Ora, como o leitor poderá ter percebido, esta notícia não proveio diretamente do tribunal nem foi exposta pelo ora arguido. Dizem alguns que foi assim, mas não se conhece a realidade, contada por quem possa fazê-lo garantidamente. O que significa que esta notícia, em boa verdade, é uma não notícia. Nos tribunais norte-americanos o juiz diria aos jurados que não a tivessem em conta na apreciação dos factos.
Depois, sobretudo nas televisões – a distribuição não é uniforme –, surgiu a notícia de que Ricardo Salgado teria sido detido pelas sete da manhã, mas não se refere nunca – quase nunca – se foram alvo de buscas a sua residência e as tais (supostas) duas salas do hotel nem o que de lá foi retirado. Porque se foram, então não faz sentido a notícia que deve ser considerada uma não notícia.
Logo de seguida, surgiu a teoria do bode expiatório, que é algo sem sentido, dado que existem já muitas outras pessoas envoltas no caso Monte Branco.
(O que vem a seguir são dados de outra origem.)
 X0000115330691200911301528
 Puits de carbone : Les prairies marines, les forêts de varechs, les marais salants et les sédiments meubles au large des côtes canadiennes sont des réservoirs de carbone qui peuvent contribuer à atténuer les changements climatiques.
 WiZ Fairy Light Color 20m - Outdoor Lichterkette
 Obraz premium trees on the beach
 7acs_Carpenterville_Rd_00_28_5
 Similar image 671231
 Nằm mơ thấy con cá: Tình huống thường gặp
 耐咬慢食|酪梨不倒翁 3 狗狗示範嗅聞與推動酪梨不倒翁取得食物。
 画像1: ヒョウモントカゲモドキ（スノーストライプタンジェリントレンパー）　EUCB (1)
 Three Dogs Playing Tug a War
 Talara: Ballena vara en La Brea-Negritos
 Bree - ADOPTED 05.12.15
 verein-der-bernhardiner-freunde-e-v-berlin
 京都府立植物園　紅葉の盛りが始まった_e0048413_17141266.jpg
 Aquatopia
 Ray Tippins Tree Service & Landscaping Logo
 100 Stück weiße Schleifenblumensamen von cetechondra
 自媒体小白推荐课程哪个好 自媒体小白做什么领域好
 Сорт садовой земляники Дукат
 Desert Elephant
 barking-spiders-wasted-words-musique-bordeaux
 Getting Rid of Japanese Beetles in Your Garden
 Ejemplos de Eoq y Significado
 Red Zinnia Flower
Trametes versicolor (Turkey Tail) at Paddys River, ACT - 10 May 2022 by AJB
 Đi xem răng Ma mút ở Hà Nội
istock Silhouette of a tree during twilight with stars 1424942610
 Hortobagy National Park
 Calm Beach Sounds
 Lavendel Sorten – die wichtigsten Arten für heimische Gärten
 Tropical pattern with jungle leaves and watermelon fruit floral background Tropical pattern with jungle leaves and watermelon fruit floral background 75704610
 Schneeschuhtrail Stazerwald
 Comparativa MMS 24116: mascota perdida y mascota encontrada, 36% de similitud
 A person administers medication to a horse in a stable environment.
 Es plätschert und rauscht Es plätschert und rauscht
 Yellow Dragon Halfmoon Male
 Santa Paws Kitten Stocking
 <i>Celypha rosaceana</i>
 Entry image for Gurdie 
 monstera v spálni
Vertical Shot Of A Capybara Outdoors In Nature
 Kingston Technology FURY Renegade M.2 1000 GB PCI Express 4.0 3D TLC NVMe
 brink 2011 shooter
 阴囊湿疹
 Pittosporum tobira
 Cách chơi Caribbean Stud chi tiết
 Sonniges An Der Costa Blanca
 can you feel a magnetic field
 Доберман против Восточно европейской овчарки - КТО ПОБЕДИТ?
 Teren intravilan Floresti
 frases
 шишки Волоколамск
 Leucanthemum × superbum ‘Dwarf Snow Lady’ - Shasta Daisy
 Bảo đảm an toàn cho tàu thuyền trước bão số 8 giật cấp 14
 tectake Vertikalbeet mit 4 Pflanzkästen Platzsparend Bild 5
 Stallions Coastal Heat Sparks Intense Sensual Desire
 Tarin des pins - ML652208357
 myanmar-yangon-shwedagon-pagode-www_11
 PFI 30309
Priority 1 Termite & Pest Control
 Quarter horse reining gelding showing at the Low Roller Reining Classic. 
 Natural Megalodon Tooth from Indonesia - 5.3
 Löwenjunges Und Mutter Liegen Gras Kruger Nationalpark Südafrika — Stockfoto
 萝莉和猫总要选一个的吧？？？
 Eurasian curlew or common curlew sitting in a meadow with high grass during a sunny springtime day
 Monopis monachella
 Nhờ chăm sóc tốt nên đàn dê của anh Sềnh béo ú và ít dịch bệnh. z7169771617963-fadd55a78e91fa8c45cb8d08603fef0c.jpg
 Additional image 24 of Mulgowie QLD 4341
De resto, filosofando um pouco e à sua maneira, foi muito interessante a ideia de José Pacheco Pereira na última QUADRATURA DO CÍRCULO, onde formulou votos para que Ricardo Espírito Santo Salgado desse agora a conhecer tudo o que sabe ao redor do que possa estar em jogo neste caso. E tanto no caso Monte Branco, como em quanto se passou no GES/BES e na sua completude. Como é evidente, tratou-se de uma graça, mas cheia de significado.
Claro que os portugueses já hoje conhecem o comportamento esperado da generalidade dos nossos meios de comunicação social mais referentes. Já sabem, pois, distinguir os diversos ruídos que se lhes vão mostrando em cada caso. Além do mais, e graças à ação do procurador Rosário Teixeira e do juiz Carlos Alexandre, o nosso Sistema de Justiça tem vindo a tocar quem todos os portugueses sempre imaginaram ser intocável em Portugal. Não há, com este par de magistrados, um problema de incompetência, bem pelo contrário. O que significa que, num dia destes, talvez aí nos venha a surgir uma qualquer reforma destinada a retirá-los destes casos, onde o êxito tem sido muito elevado.
De tudo isto surgiram, no mínimo, três situações pautadas por uma extrema infelicidade: a protagonizada por Clara Ferreira Alves, no mais recente O EIXO DO MAL; a produzida por José Sócrates no seu comentário deste mais recente domingo; e a de Miguel Sousa Tavares na sua intervenção desta segunda-feira. Três momentos da mais extrema infelicidade.
No primeiro caso, Clara salientou o que seria um enorme perigo decorrente do facto de Carlos Alexandre quase ter de ser um monge, tal é o volume processual a abarcar. Esquece – propositadamente, claro – que nem Carlos Alexandre nem Rosário Teixeira desempenham as suas funções isoladamente, antes são apoiados por colegas diversos e de hierarquias várias. Orientarão, e desbravarão, mas as partes mais complexas, ligadas à estratégia do que está em causa, porque haverá muito trabalho de equipa. Em todo o caso, lá surgiu o problema do Rosário e do Carlos, que até têm tido êxitos inesperados no panorama institucional português.
No segundo caso, José Sócrates e os seus comentários muito infelizes sobre este caso. No fundo, Sócrates, sem nada saber do que se passou e do que se contém no processo, para lá do que foi divulgado, de pronto se pôs a comentar o mesmo, lamentando que não seja tenha sido dada uma explicação capaz ao País e a todos nós. Como se tal seja feito nos casos mais diversos! Nem sequer se recordou dos casos Strauss Kahn, nos Estados Unidos, ou Berlusconi, em Itália, ou Sarkozy, em França, ou da infanta Cristina, em Espanha. Considerações simplesmente lamentáveis.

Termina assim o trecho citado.